╭─ GIVEN DATA

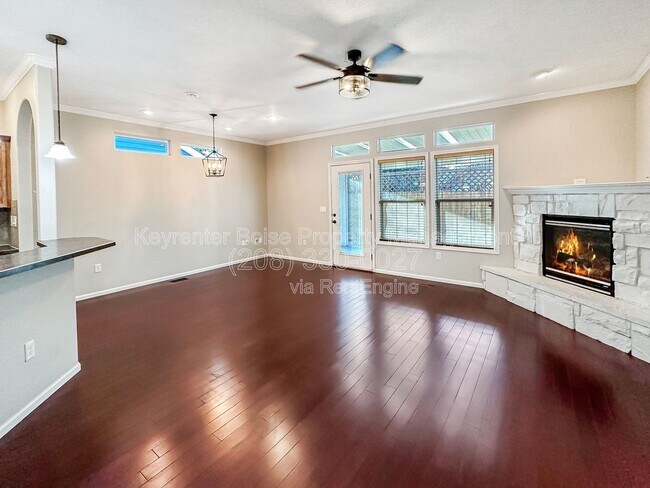 Foto del edificio - 9259 W Olivia St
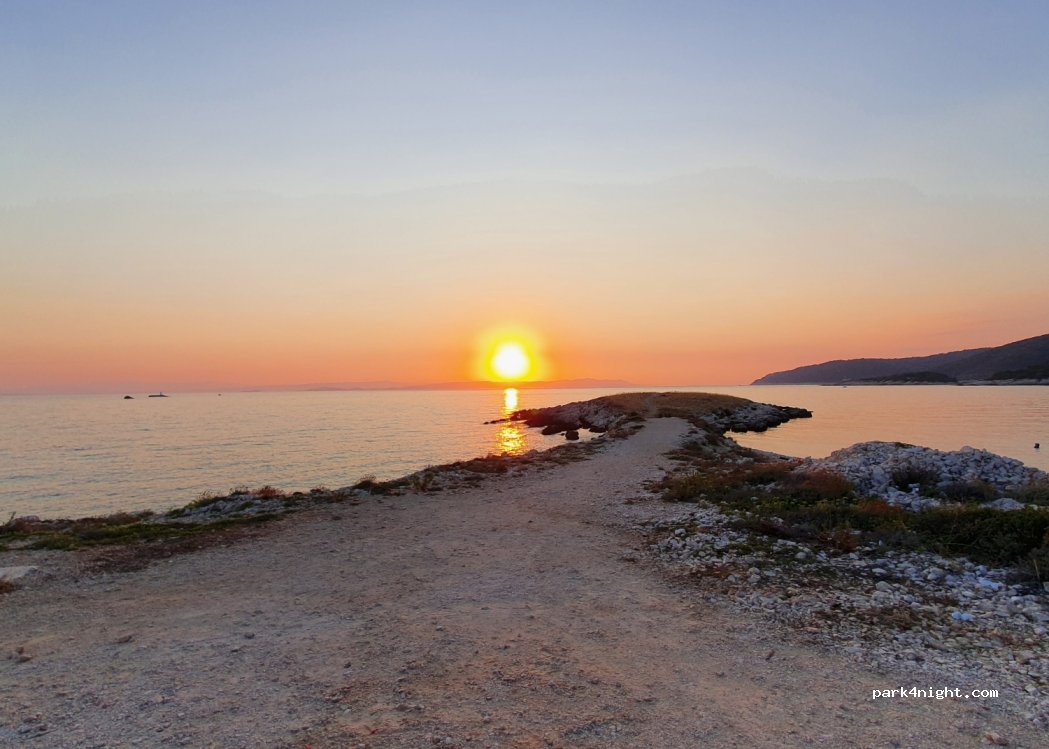 (21480) Rogačić - Unnamed Road — foto 3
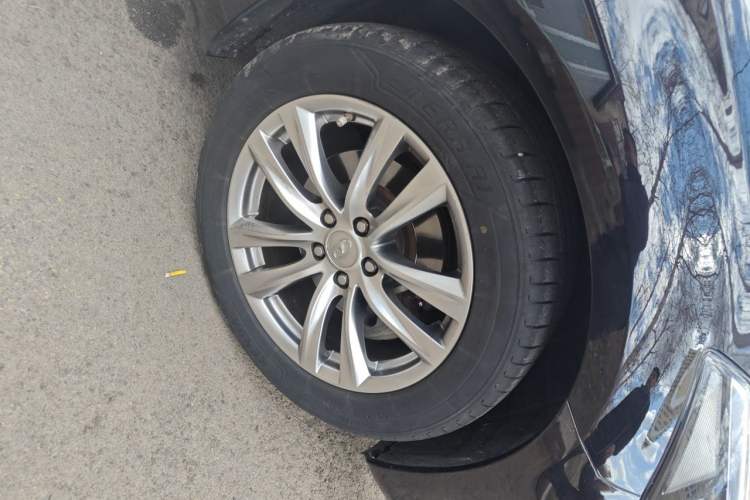 Used Infiniti Q70 2017 Q70L 2.5L Elite Edition Right Front Wheel Hub
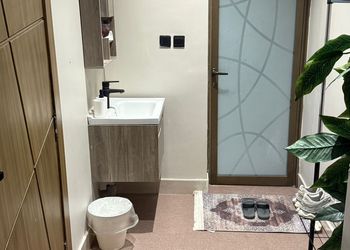 استديو بدخول ذاتي وسرير مريح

╰─

*WORK ITEM*
The whole listing should be reproduced exactly. Images don't go in.

*TASK RESULT*
 Foto del edificio - 9259 W Olivia St
 (21480) Rogačić - Unnamed Road — foto 3
 Used Infiniti Q70 2017 Q70L 2.5L Elite Edition Right Front Wheel Hub
 استديو بدخول ذاتي وسرير مريح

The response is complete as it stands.